Would you please retype, exactly, the lines of the listing below between the line with "Populer Stiker Reflektif" and the line with "St Helena Island, Brisbane", inclusive?

### Information supplied:
Content starts

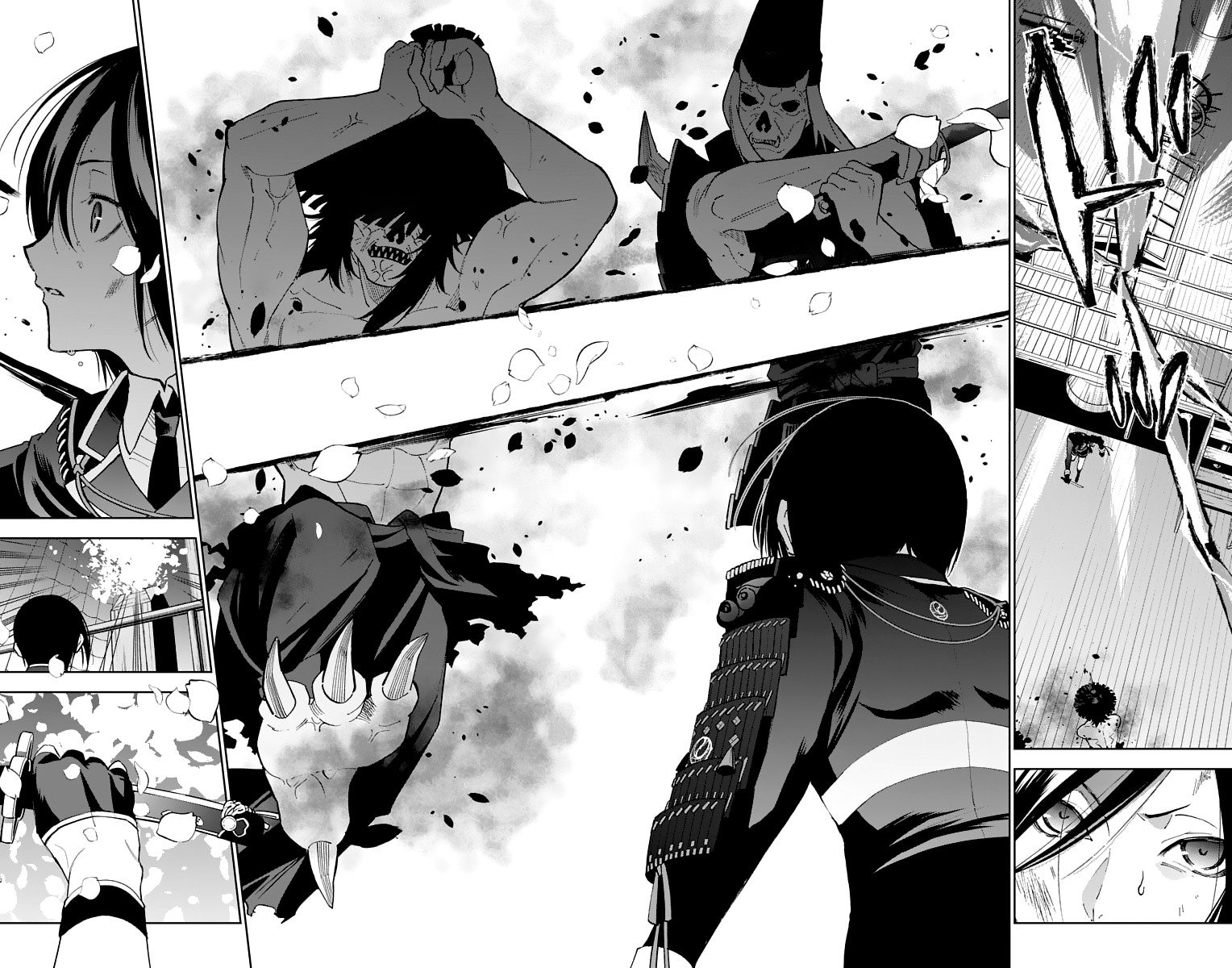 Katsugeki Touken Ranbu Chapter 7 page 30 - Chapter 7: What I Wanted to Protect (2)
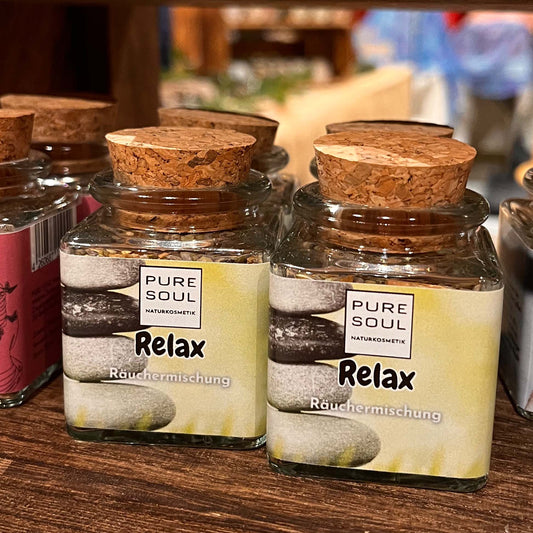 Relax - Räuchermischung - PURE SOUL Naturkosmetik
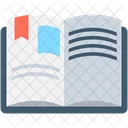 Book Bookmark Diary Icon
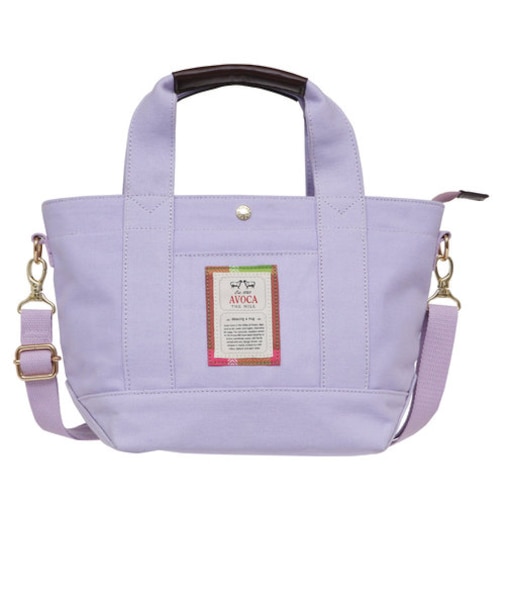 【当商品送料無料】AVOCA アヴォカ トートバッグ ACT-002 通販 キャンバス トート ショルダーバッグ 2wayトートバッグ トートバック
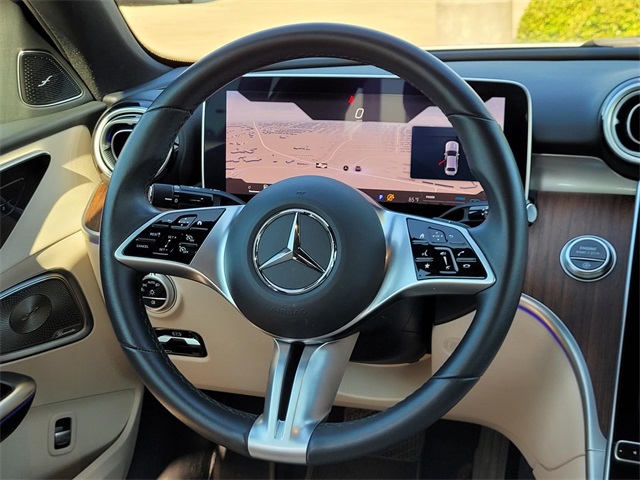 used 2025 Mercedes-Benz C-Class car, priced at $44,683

Content ends
Content starts

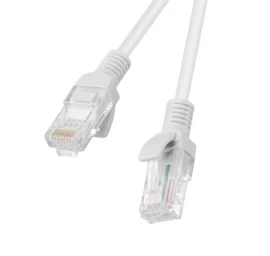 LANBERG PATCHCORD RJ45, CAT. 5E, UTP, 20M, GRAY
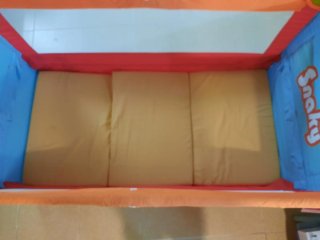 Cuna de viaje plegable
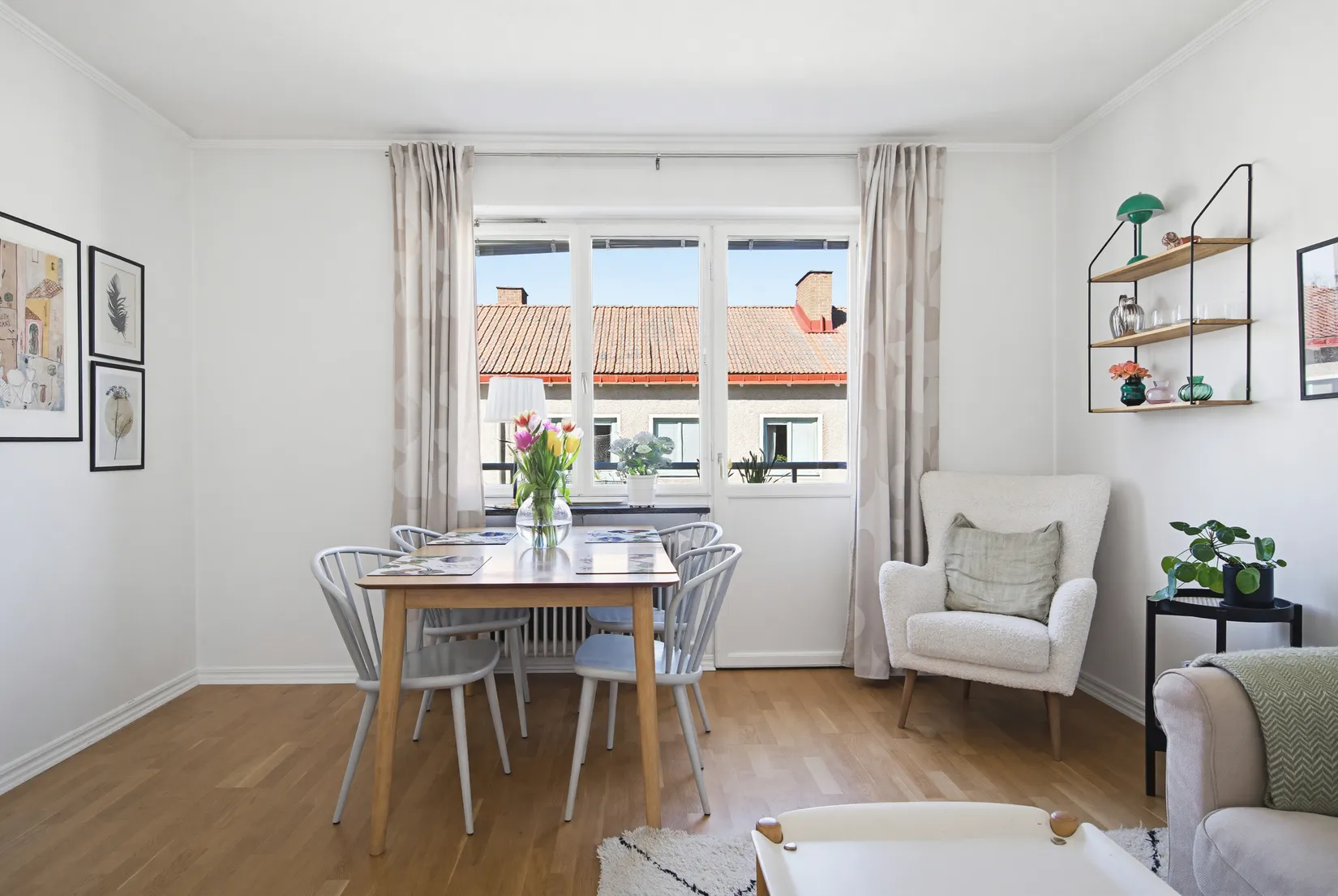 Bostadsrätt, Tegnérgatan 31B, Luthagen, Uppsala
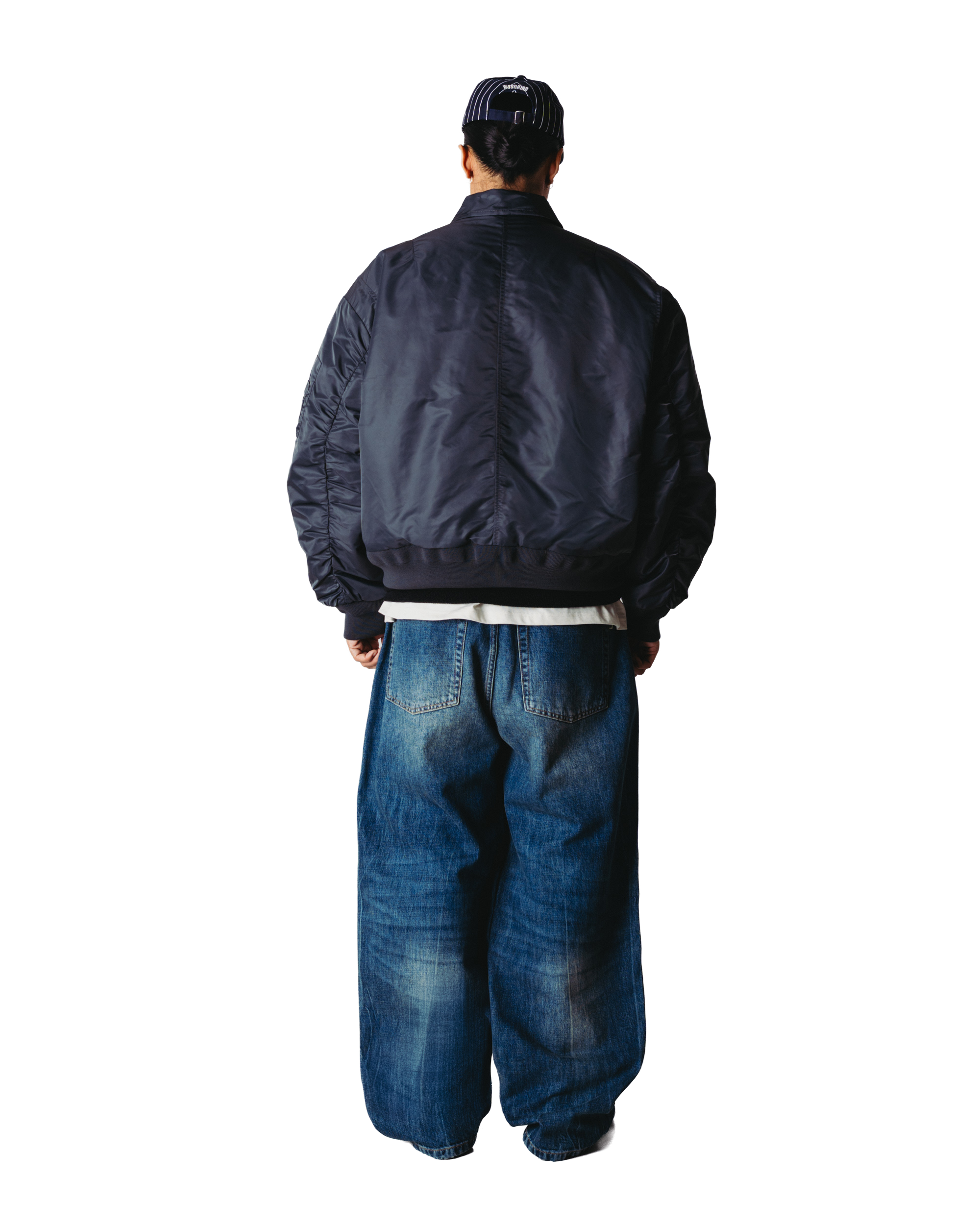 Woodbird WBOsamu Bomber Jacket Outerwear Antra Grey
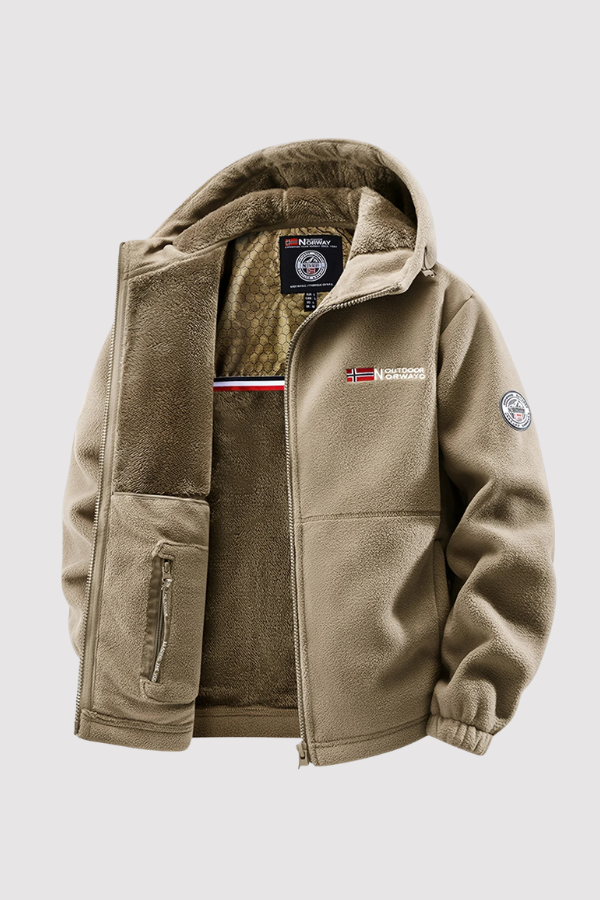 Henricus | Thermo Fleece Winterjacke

Content ends
Content starts

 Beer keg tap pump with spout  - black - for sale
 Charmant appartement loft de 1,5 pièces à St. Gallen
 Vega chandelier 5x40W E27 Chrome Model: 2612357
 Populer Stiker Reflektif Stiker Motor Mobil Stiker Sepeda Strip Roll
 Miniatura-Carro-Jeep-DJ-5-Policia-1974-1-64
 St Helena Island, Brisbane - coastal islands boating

Content ends

### Response area:
 Populer Stiker Reflektif Stiker Motor Mobil Stiker Sepeda Strip Roll
 Miniatura-Carro-Jeep-DJ-5-Policia-1974-1-64
 St Helena Island, Brisbane - coastal islands boating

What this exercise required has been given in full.